Myrto Reiss e Sylvain Ricard (argumento)
Daniel Casanave (desenho)
Futuropolis
França, Abril de 2013
195 x 265 mm, 192 p., bicromia, cartonado
24,00 €
Resumo
Esta é uma adaptação do romance homónimo autobiográfico de
Chrònios Mìssios, comunista grego que, desde a adolescência, passou grande
parte da sua vida na prisão.
Desenvolvimento
Se em tempos a banda desenhada procurou a adaptação de obras
literárias como forma de credibilização
e para ganhar estatuto, hoje fá-lo – de novo – mas agora como afirmação dessa
mesma credibilidade e desse estatuto entretanto conquistado.
Por isso, quando há 50, 60, 70 anos recorria especialmente
aos romances de aventuras – nalguns casos com assinalável qualidade, como
aconteceu entre nós com Fernando Bento, por exemplo – hoje permite-se uma
selecção (muito) mais vasta e abrangente que, frequentemente, vai à procura – e
também ao encontro… - de outros leitores que não as crianças/adolescentes que
então tinha como público-alvo.
Por isso, mesmo que em muitos casos haja um “retorno às
origens” - recriando aos quadradinhos Verne, Stevenson e outros romancistas
juvenis – também recorre a adaptações policiais ("Le policier qui rit", ...), romances de sucesso
("Millenium", …) ou obras menos óbvias, autobiográficas e/ou política ou
ideologicamente engajadas, como é o caso deste “Toi au moins, tu est mort
avant.”
Nascido em 1930 e falecido em Novembro de 2012 - sem ter
chegado a ver esta banda desenhada - Chrònios Mìssios foi apanhado pelo
turbilhão que se instalou na Grécia após a Segunda Guerra Mundial e a arrastou
para uma guerra civil, tendo-se tornado comunista e sofrido – na pele e não só –
por essa decisão.
História de (uma) vida atribulada e sofrida pela decisão de,
antes de tudo, se manter fiel ao ideal que abraçou, este romance desenhado é um
retrato duro do dia-a-dia nas várias prisões por onde Mìssios foi passando ao
longo de mais de duas décadas e onde sofreu tortura física e psicológica,
isolamento e violência, falsas promessas e aliciamentos vários.
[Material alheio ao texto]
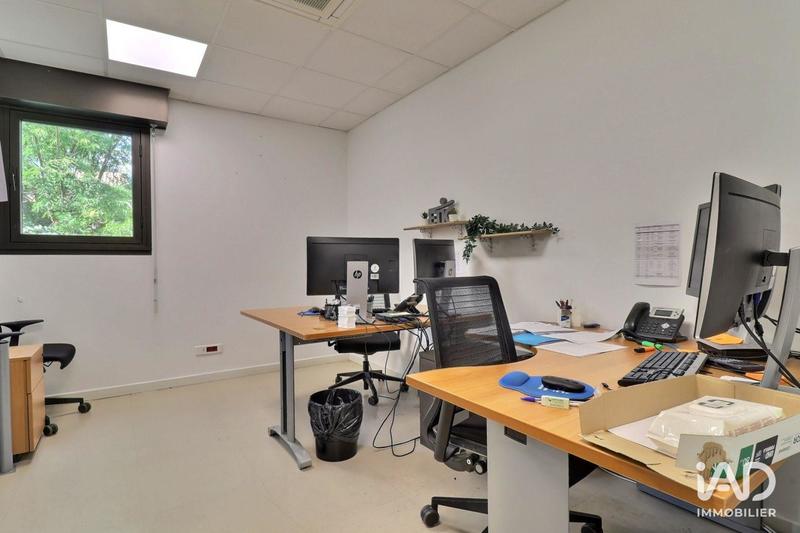 Bureau - 998 m²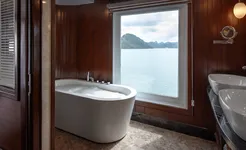 Paradise Elegance Captains View Terrace Suite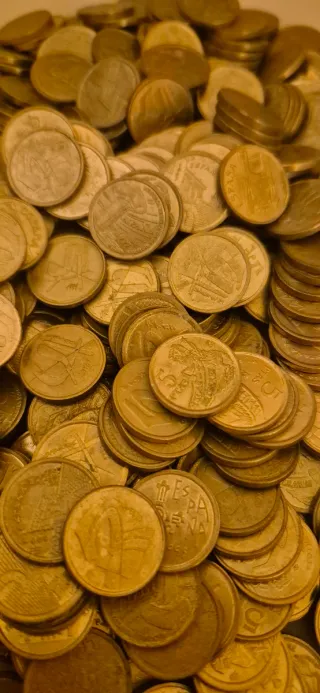 Caja Metálica Real Madrid con monedas de 5 pesetas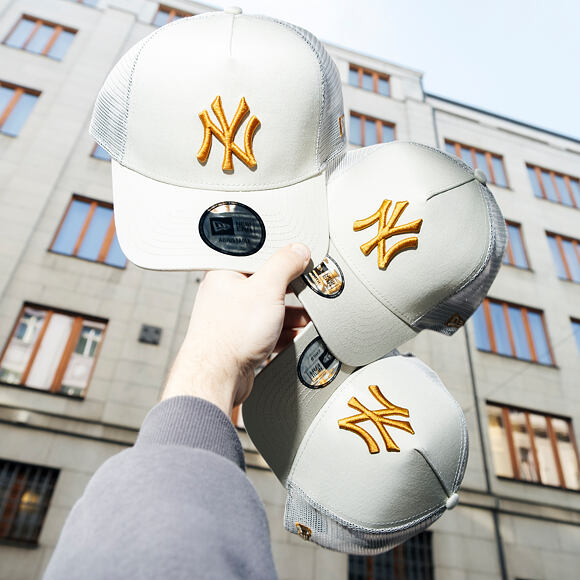 Dětská Kšiltovka New Era - MLB Essential 9FORTY Trucker - NY Yankees - Stone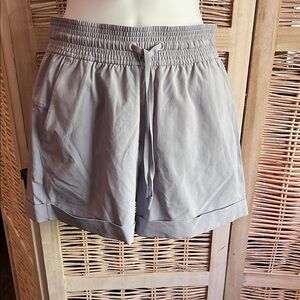 Lululemon Women's Gray Casual Shorts size 2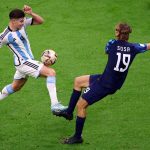 “Một tiền đạo toàn diện hơn Mbappe và Haaland”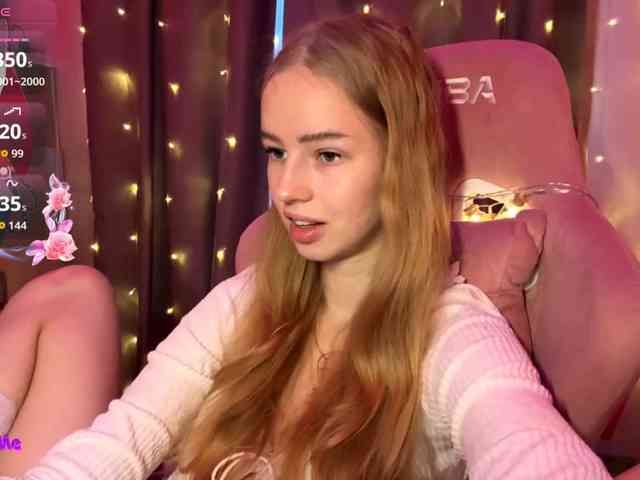 SweetyWhisper webcam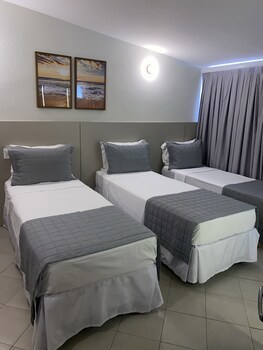 Malibu Plaza Hotel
E que o traço
semi-caricatural utilizado para a traçar faz surgir aos olhos do leitor com
redobrada força pelo contraste que provoca.
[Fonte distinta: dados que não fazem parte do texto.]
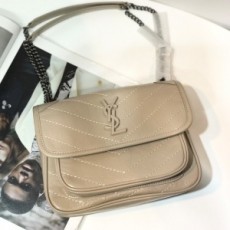 생로랑 SAINT LAURENT 2021 SS 로고 포켓 베이지 빈티지 체인 숄더백 5811 커스텀급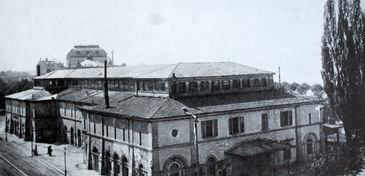 Die Alte Tonhalle mit Opernhaus im Hintergrund
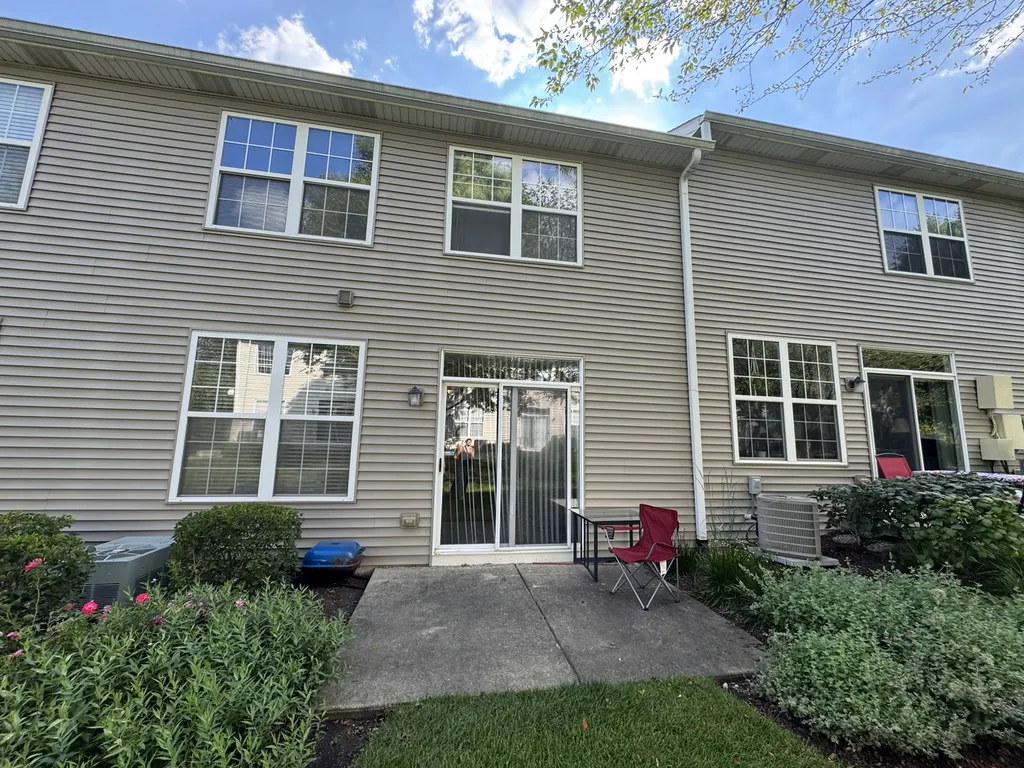 2956 Rutland Circle Naperville IL 60564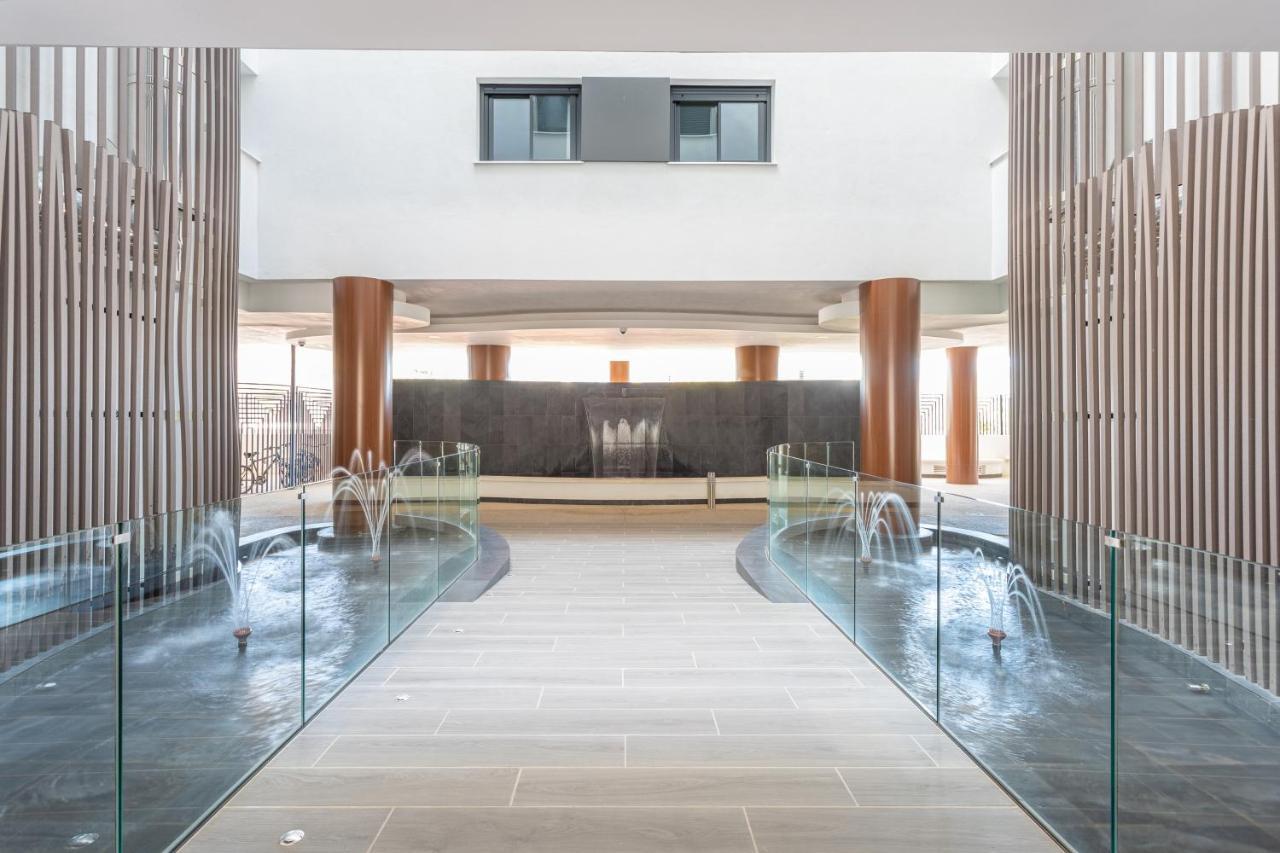 Green Infinity Luxury Apartment By Ghr Rentals エステポナ エクステリア 写真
A solidariedade com os camaradas – nem sempre correspondida,
por vezes traída – a perda da primeira mulher que amou, o afastamento da mãe -
a única família que lhe sobrava – são outros momentos dolorosos que ajudam a compor
o retrato de uma forma de vida, que hoje, a muitos, pode soar estranha, mas que
nos deve fazer reflectir, pois esteve longe de ser caso único na Grécia, na
Europa – Portugal incluído – há não tanto tempo assim.
A reter
- A capacidade que os autores tiveram de transpor para um
registo diferente do original, todos os sentimentos e emoções inerentes a um relato
deste tipo.
- A afirmação da banda desenhada – mais uma vez, não que
houvesse necessidade – como arte narrativa maior, seja qual for a temática que
aborde.
- A qualidade das edições da Futuropolis, na linha de uma
(já) longa tradição. Manusear livros como este – capa dura, papel encorpado, bem
impresso, bom design, pesado… - é um verdadeiro prazer.